| Task description |
Please output the records below in full, exactly as given, but without the images.

| Records to use |
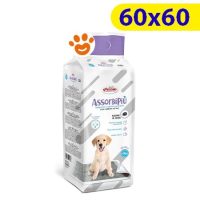 Record Assorbipiù con Carbone
  Attivo (60x60) Tappetini Igienici Assorbenti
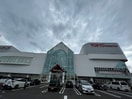 東京インテリア家具仙台南店(ディスカウントショップ)まで750m シャトレーハピネスⅡ
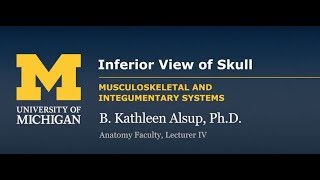 Skeletal System Skull  Inferior View [upl. by Marya]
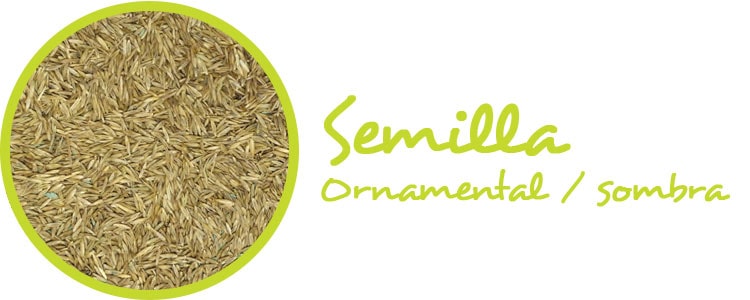 Semilla de cesped ornamental / sombra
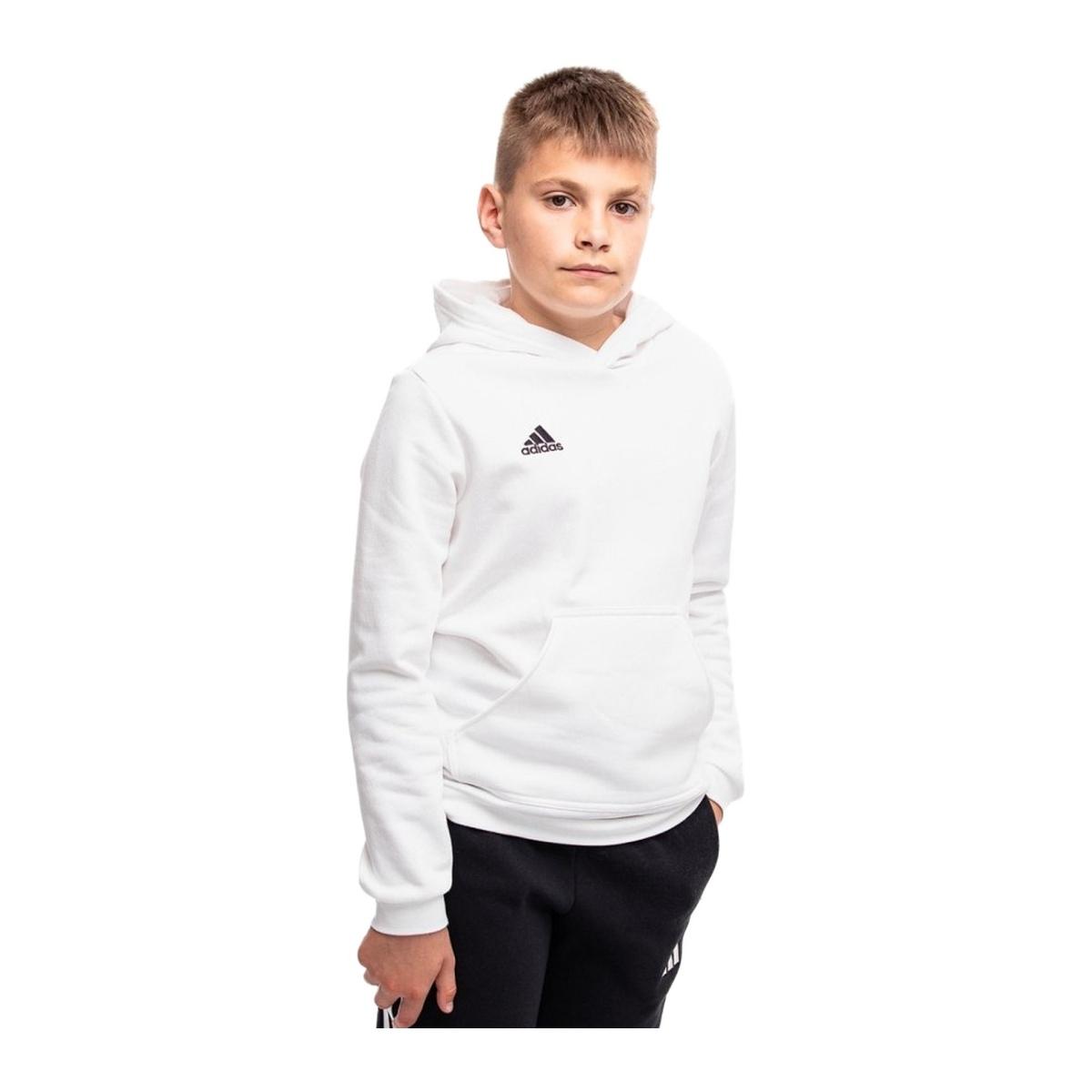 Adidas Felpa con Cappuccio Entrada 22 Junior Bambini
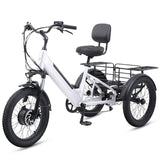 Viribus SC5 Fat Tire Electric Tricycle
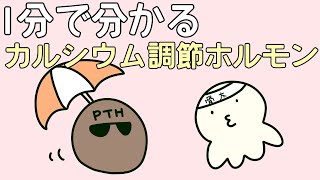 【管理栄養士²の事情】　1分でわかるカルシウム調節ホルモン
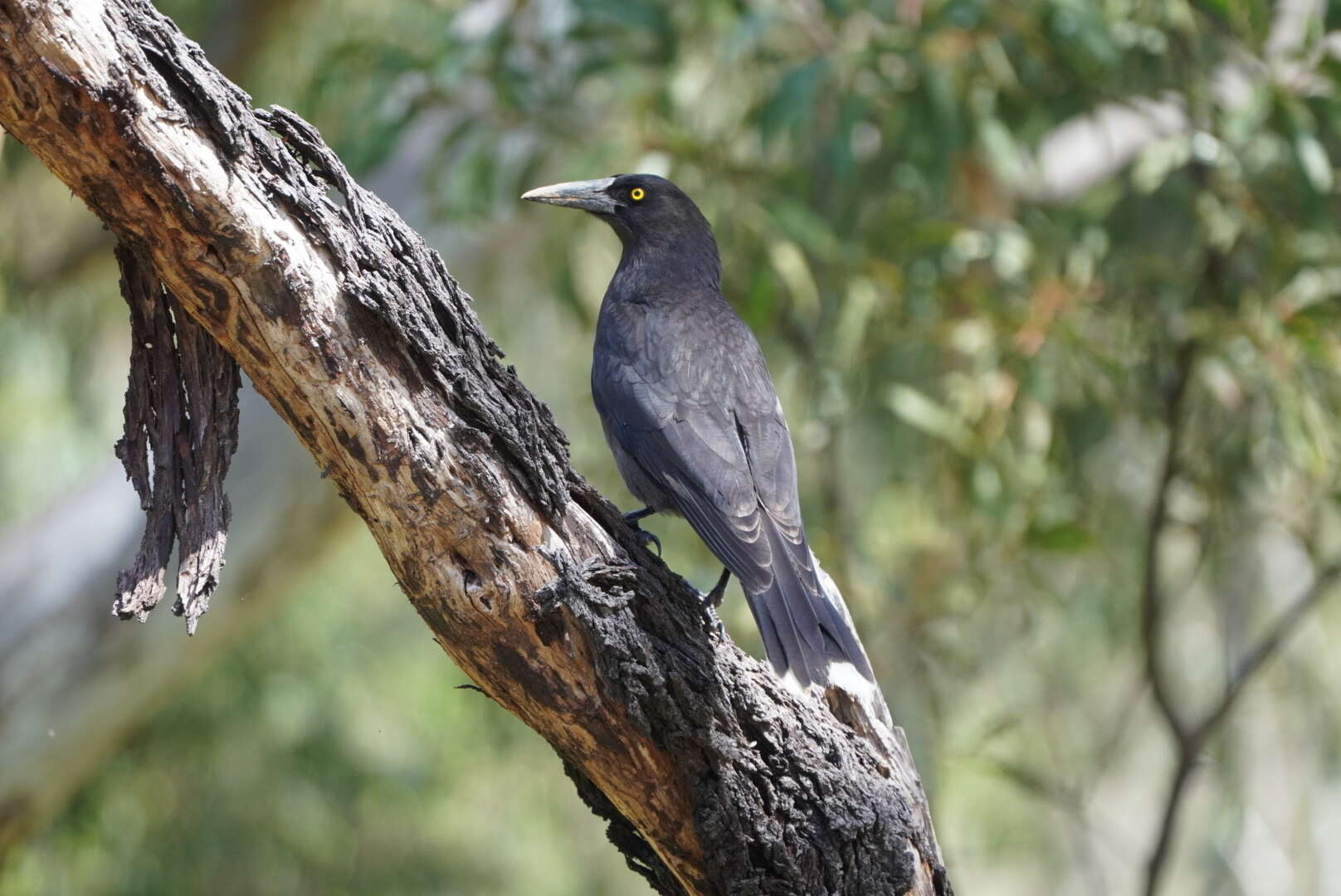 Sivun Strepera versicolor melanoptera Gould 1846 kuva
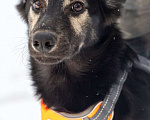 Собаки в Химках: Метис овчарки в поиске своего дома Мальчик, Бесплатно - фото 7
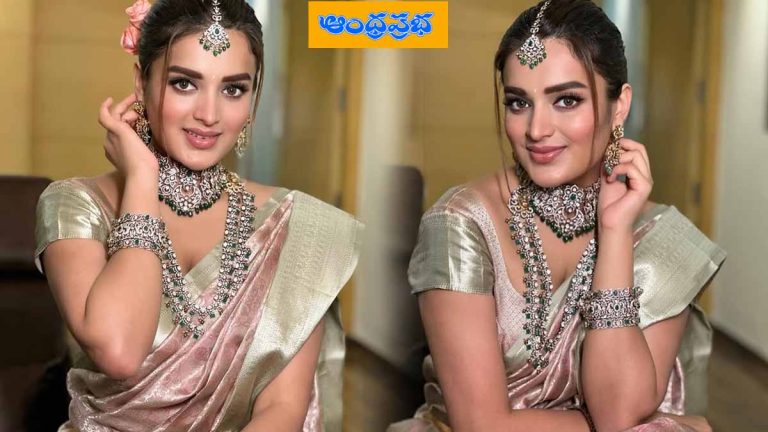 Nidhhi Agerwal | అందాల నిధి….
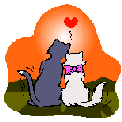 Love Cats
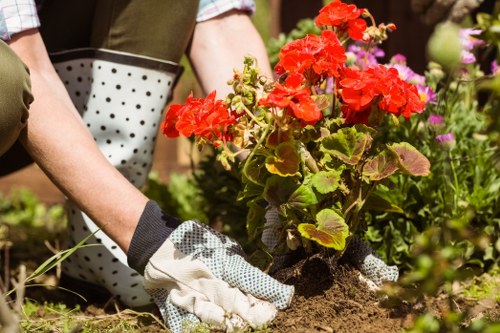 Garden maintenance in Little Ilford focusing on lawn care, shrubs, and patio cleaning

| Written response |
 Record Assorbipiù con Carbone
  Attivo (60x60) Tappetini Igienici Assorbenti
 東京インテリア家具仙台南店(ディスカウントショップ)まで750m シャトレーハピネスⅡ
 Skeletal System Skull  Inferior View [upl. by Marya]
 Semilla de cesped ornamental / sombra
 Adidas Felpa con Cappuccio Entrada 22 Junior Bambini
 Viribus SC5 Fat Tire Electric Tricycle
 【管理栄養士²の事情】　1分でわかるカルシウム調節ホルモン
 Sivun Strepera versicolor melanoptera Gould 1846 kuva
 Собаки в Химках: Метис овчарки в поиске своего дома Мальчик, Бесплатно - фото 7
 Nidhhi Agerwal | అందాల నిధి….
 Love Cats
 Garden maintenance in Little Ilford focusing on lawn care, shrubs, and patio cleaning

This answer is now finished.